Remember that you don't need to validate every XML
document that passes over your desk. DTDs and other validation
schemes shine when working with specific XML-based markup languages
(such as XHTML for web pages, MathML for equations, or CaveML for
spelunking), which have strict rules about which elements and
attributes go where (because having an automated way to draw
attention to something fishy in the document structure becomes a
feature).
However, validation usually isn't crucial when you
use Perl and XML to perform a less specific task, such as tossing
together XML documents on the fly based on some other, less sane data
format, or when ripping apart and analyzing existing XML documents.
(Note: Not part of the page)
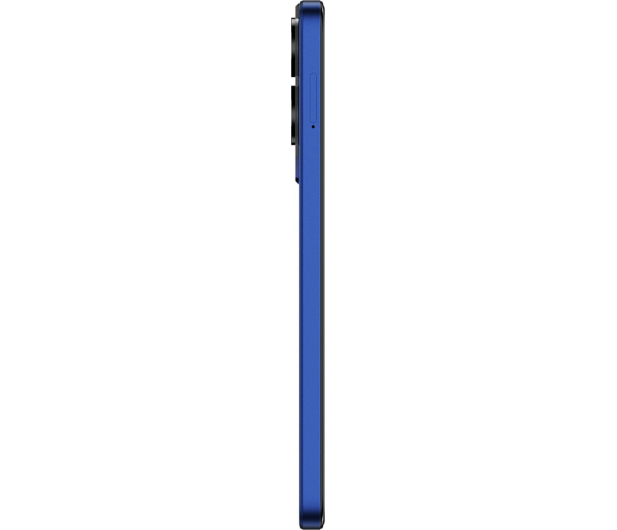 TCL 505 4/128GB niebieski 90Hz - 1244619 - zdjęcie 7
Basically, if you feel that validation is a needless step for the job
at hand, you're probably right. However, if you
knowingly generate or modify some flavor of XML that needs to stick
to a defined standard, then taking the extra step or three necessary
to perform document validation is probably wise. Your toolbox,
naturally, gives you lots of ways to do this. Read on.
3.7.2. Schemas
DTDs have
limitations; they aren't able to check what kind of
character data is in an element and if it matches a particular
pattern. What if you wanted a parser to tell you if a
<date> element has the wrong format for a
date, or if it contains a street address by mistake? For that, you
need a solution such as XML Schema. XML Schema is a second generation
of DTD and brings more power and flexibility to validation.
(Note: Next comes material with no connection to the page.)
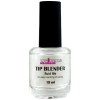 Tip Blender 15ml - lichid de umplere Inginails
As noted in Chapter 2, "An XML Recap", XML Schema enjoys the
dubious distinction among the XML-related W3C specification family
for being the most controversial schema (at least among hackers).
Many people like the concept of schemas, but many
don't approve of the XML Schema implementation,
which is seen as too cumbersome or constraining to be used
effectively.
Alternatives to XML Schema include
OASIS-Open's
RelaxNG (http://www.oasis-open.org/committees/relax-ng/)
and Rick Jelliffe's
Schematron
(http://www.ascc.net/xml/resource/schematron/schematron.html).
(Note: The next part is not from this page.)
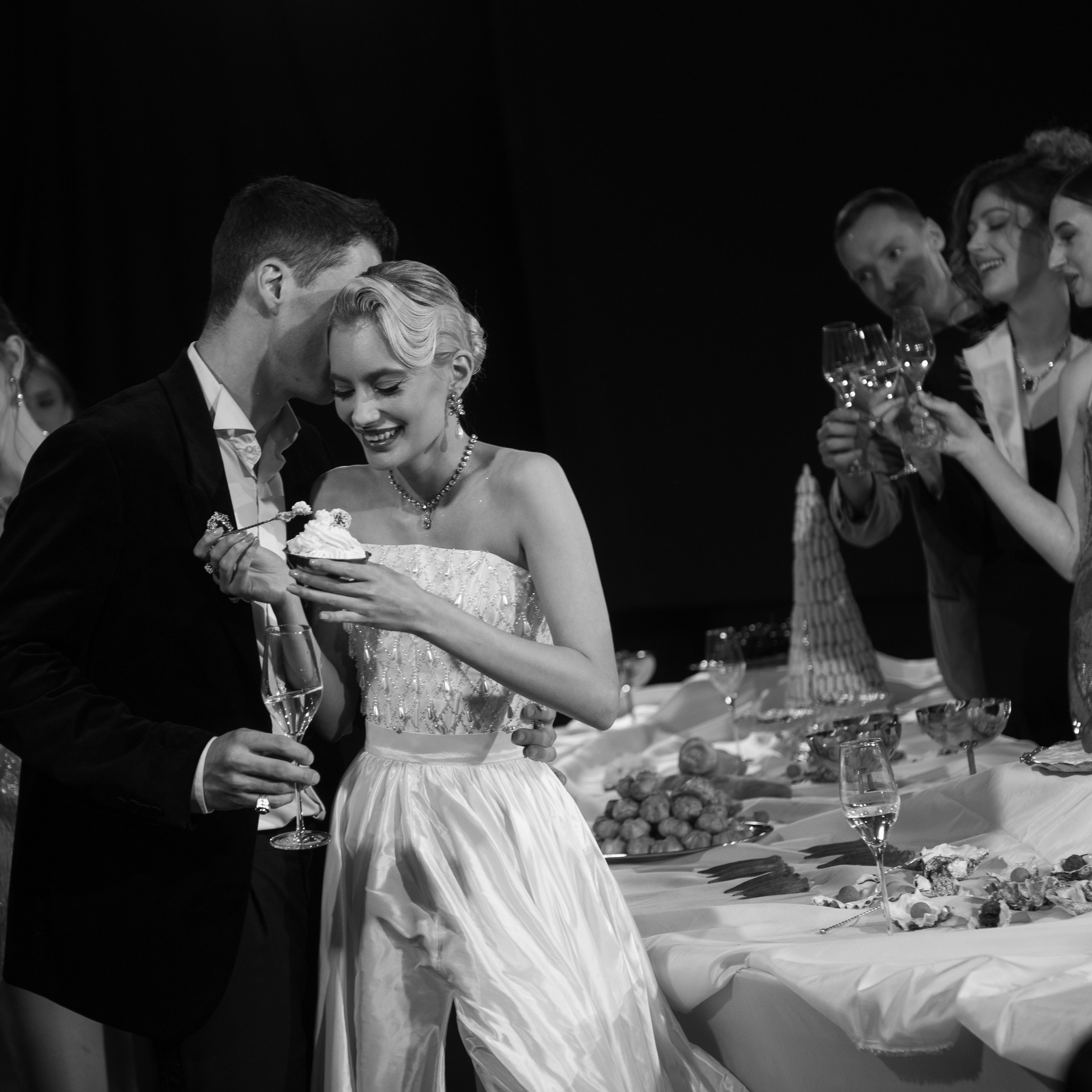 ТВОРЧЕСКАЯ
Like XML Schema, these specifications detail XML-based languages used
to describe other XML-based languages and let a program that knows
how to speak that schema use it to validate other XML documents. We
find Schematron particularly interesting because it has had a Perl
module attached to it for a while (in the form of Kip
Hampton's XML::Schematron
family).
Schematron is especially interesting to many Perl and XML hackers
because it builds on existing popular XML technologies that already
have venerable Perl implementations. Schematron defines a very simple
language with which you list and group together assertions of what
things should look like based on XPath expressions. Instead of a
forward-looking grammar that must list and define everything that can
possibly appear in the document, you can choose to validate a
fraction of it. You can also choose to have elements and attributes
validate based on conditions involving anything anywhere else in the
document (wherever an XPath expression can reach). In practice, a
Schematron document looks and feels like an XSLT stylesheet, and with
good reason: it's intended to be fully implementable
by way of XSLT. In fact, two of the
XML::Schematron Perl modules work by first transforming
the user-specified schema document into an XSLT sheet, which it then
simply passes through an XSLT processor.
Schematron lacks any kind of built-in data typing, so you
can't, for example, do a one-word check to insist
that an attribute conforms to the W3C date format. You can, however,
have your Perl program make a separate step using any method
you'd like (perhaps through the
XML::XPath module) to come through date attributes
and run a good old Perl regular expression on them. Also note that no
schema language will ever provide a way to query an
element's content against a database, or perform any
other action outside the realm of the document. This is where mixing
Perl and schemas can come in very handy.